MEXICO 00003491 002 OF 002


authority to set the oil production and reserves policy - a function
currently under the Finance Ministry. PEMEX also stresses that
changes to its organizational structure will allow the parastatal to
operate more transparently and efficiently. Most experts agree,
however, that the impact of these organizational changes will depend
largely on finding individuals with the required technical skills to
mange the Hidrocarbons Council and to fill the four new seats on the
PEMEX board. Mexico has a shortage of qualified experts who could
be brought into these key positions.
FLEXIBITY ON TRANSBOUNDARY
8. (SBU) Both PEMEX and SENER officials told Econoff that the
energy reform will allow more flexibility on exploiting potential
transboundary reserves. According to the GOM interpretation, since
not all the oil resources in a transboundary field belong to Mexico,
the constitution would not prohibit PEMEX from entering into a joint
venture with an IOC. The reform provides that transboundary fields
would be exploited in accordance with the provisions of a bilateral
treaty that has been ratified by the Mexican Senate.

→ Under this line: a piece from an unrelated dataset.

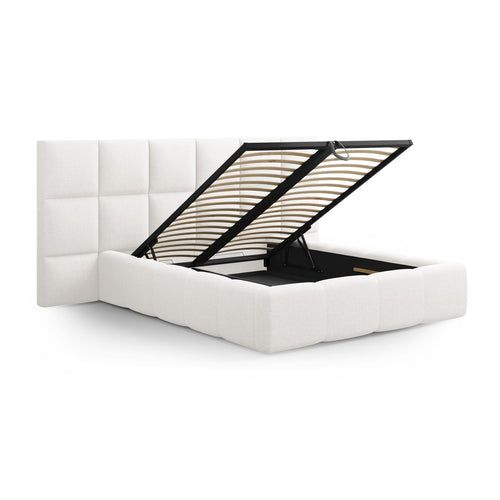 Cosmopolitan Design - Opbergbed met hoofdeinde Livigno 200x160cm structurele stof wit - 230x250x125cm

The Chamber of
Deputies, which would be more critical of such provisions, would not
have jurisdiction. PEMEX added that their intention on potential
U.S.-Mexico transboundary fields would be to collaborate closely
with the companies and use the infrastructure on the U.S. side of
the boundary. (Note: This is a sensitive issue in Mexico, and
would almost certainly be challenged in court by opponents of a more
open energy regime. End Note.)
PRIVATE SECTOR - TOO EARLY TO SAY
9. (SBU) The IOCs do not share the GOMs effusive praise for the
energy reform legislation. However, they are also cautious not to
criticize the energy reform package publicly. The IOCs recognize
that the Calderon Administration, Mexican Senate and Chamber of
Deputies have put a significant effort into the reform process.
They are also aware that, by working with SENER and PEMEX during the
drafting stages, they may be able to shape somewhat the terms of the
new contracts. For now, the private sector is waiting to see the
bylaws and contracts to determine if they will provide for any
additional business opportunities.
10. (SBU) More IOCs may decide to pursue service contracts even if
the terms are not significantly better than the current model.

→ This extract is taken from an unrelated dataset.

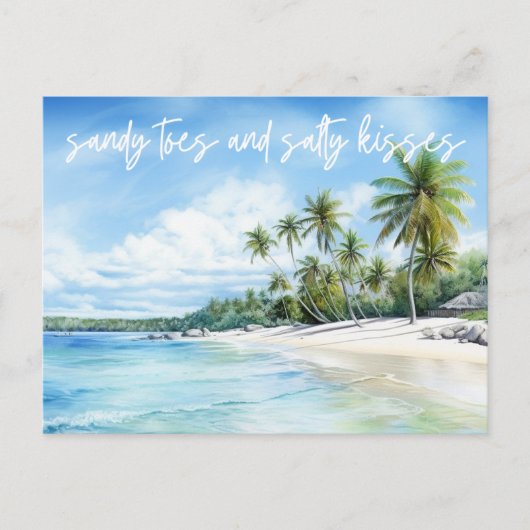 Saltyキスビーチ結婚式日付の保存 案内ポストカード (正面)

Petrobras and Repsol already work with PEMEX under existing
contracts. Other IOCs may decide that it is better to develop a
close cooperative relationship with PEMEX now which could prove
useful when Mexico opens its energy sector. These firms may also be
interested in selling technology even if they cannot share
production. Still, IOCs have limited resources and the new service
contracts may not be lucrative enough to make doing business in
Mexico a priority.
11. (SBU) GOM officials and industry experts expect the
constitutionality of the reform will be challenged through the first
round of contracts. While government officials and industry experts
agree that such a challenge will create legal certainty, the
downside is that no company will want to be the one embroiled in the
legal battle. The IOCs will take into account that firms which take
advantage of the new service contracts may find themselves under a
political spotlight and could be subject to negative public
backlash.
COMMENT:
12. (SBU) Although many companies and analysts are waiting to see
the bylaws and new contract model before deciding on the value of
the GOM's energy reform package, most are privately cynical about
how much the reform will do to expand business opportunities. The
IOCs have been mindful of the political significance of the reform
and cautious not to seem too critical of the results. In
particular, the IOCs with a presence in Mexico are here for the long
haul and calculate if (and when) this reform fails to turn around
production, the Mexican Congress will have no choice but to
introduce deeper reforms. International oil companies want to make
sure that they are well positioned when that happens.